PROBLEM → The material below contains a line with "Detail of premium" and a line with "Carefree man standing". Copy exactly those two lines and all lines between them.

RAW DATA →
*****

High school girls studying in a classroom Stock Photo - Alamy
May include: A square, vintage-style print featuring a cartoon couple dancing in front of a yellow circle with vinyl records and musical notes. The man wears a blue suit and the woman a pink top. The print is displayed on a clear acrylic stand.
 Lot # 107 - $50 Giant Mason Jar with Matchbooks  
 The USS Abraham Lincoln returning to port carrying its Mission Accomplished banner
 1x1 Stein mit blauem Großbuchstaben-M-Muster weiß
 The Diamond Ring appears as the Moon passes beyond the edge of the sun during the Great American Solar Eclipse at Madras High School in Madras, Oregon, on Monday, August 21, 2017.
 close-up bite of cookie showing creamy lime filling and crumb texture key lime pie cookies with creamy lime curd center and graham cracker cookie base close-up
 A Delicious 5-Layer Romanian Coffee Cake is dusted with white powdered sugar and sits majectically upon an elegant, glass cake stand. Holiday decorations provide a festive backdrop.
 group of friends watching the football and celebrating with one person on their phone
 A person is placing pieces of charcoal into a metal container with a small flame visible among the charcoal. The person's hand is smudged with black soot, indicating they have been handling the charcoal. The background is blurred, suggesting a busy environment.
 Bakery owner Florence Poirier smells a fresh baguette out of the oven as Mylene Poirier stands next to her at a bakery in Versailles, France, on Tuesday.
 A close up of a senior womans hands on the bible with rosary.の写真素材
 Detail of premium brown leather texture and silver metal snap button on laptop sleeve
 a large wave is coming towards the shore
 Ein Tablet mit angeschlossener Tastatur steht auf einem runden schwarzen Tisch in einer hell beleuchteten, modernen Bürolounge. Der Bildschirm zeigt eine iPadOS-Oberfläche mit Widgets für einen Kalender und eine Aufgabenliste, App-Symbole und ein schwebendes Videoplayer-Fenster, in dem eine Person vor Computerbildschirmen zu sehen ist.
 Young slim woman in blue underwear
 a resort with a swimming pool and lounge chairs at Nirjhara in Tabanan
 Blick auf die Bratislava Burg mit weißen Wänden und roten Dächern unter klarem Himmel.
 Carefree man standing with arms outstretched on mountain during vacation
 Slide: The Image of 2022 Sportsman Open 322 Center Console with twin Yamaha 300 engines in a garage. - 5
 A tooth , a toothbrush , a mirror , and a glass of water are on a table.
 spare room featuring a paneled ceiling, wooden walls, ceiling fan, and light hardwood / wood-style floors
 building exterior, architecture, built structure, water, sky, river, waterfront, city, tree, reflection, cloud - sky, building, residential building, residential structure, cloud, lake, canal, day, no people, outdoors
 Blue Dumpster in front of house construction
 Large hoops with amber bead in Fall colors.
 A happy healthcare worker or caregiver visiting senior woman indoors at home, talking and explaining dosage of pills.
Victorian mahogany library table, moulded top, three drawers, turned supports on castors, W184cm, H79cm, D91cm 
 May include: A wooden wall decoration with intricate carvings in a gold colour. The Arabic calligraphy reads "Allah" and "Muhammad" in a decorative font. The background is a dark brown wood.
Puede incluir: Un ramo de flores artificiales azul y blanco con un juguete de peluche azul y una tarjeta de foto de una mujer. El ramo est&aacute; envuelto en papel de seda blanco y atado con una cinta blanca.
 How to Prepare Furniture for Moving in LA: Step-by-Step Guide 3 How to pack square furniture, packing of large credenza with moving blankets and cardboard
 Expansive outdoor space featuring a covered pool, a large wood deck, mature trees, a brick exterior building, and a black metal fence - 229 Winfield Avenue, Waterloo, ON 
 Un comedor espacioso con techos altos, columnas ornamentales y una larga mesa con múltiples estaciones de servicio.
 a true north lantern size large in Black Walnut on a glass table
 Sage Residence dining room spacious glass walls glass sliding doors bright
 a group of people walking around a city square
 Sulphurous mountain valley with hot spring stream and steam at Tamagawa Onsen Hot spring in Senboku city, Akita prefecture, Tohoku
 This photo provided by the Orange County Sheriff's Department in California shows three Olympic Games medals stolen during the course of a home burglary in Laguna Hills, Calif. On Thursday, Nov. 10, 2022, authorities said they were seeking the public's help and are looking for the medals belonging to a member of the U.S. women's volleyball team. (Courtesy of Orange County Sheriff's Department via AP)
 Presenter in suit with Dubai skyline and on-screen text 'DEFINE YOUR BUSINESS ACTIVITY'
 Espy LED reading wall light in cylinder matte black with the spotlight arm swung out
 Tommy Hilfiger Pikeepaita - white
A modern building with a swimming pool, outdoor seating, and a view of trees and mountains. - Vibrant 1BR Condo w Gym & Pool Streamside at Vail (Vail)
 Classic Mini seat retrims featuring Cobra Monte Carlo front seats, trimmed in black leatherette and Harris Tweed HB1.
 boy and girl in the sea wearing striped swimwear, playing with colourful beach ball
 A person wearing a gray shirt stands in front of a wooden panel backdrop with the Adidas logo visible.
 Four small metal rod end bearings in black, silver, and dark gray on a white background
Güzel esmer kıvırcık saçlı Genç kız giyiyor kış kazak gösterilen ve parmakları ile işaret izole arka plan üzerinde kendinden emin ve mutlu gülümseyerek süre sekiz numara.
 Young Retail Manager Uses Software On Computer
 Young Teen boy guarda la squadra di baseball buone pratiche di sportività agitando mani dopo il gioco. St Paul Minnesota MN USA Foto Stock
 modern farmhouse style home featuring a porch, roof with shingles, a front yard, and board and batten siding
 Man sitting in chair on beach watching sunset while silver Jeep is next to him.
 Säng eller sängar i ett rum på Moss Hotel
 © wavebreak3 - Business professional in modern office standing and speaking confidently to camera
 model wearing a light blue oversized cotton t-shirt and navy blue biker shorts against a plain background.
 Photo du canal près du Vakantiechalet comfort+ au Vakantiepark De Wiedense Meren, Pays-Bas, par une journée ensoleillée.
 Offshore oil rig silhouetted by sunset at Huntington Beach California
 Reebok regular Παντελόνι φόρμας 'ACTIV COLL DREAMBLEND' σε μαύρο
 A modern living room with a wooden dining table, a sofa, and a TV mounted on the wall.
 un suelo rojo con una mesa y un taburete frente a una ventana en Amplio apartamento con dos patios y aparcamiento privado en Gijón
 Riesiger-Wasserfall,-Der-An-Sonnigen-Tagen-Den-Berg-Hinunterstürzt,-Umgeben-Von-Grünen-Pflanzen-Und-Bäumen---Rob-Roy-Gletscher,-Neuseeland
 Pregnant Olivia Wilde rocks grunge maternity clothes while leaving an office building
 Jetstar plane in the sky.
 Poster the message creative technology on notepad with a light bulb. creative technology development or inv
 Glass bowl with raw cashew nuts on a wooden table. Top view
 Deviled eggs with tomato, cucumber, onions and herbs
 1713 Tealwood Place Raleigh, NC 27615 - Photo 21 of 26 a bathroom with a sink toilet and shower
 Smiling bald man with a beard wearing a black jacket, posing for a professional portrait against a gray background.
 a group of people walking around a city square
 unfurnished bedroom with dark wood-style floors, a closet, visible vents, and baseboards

*****

RESPONSE →
 Detail of premium brown leather texture and silver metal snap button on laptop sleeve
 a large wave is coming towards the shore
 Ein Tablet mit angeschlossener Tastatur steht auf einem runden schwarzen Tisch in einer hell beleuchteten, modernen Bürolounge. Der Bildschirm zeigt eine iPadOS-Oberfläche mit Widgets für einen Kalender und eine Aufgabenliste, App-Symbole und ein schwebendes Videoplayer-Fenster, in dem eine Person vor Computerbildschirmen zu sehen ist.
 Young slim woman in blue underwear
 a resort with a swimming pool and lounge chairs at Nirjhara in Tabanan
 Blick auf die Bratislava Burg mit weißen Wänden und roten Dächern unter klarem Himmel.
 Carefree man standing with arms outstretched on mountain during vacation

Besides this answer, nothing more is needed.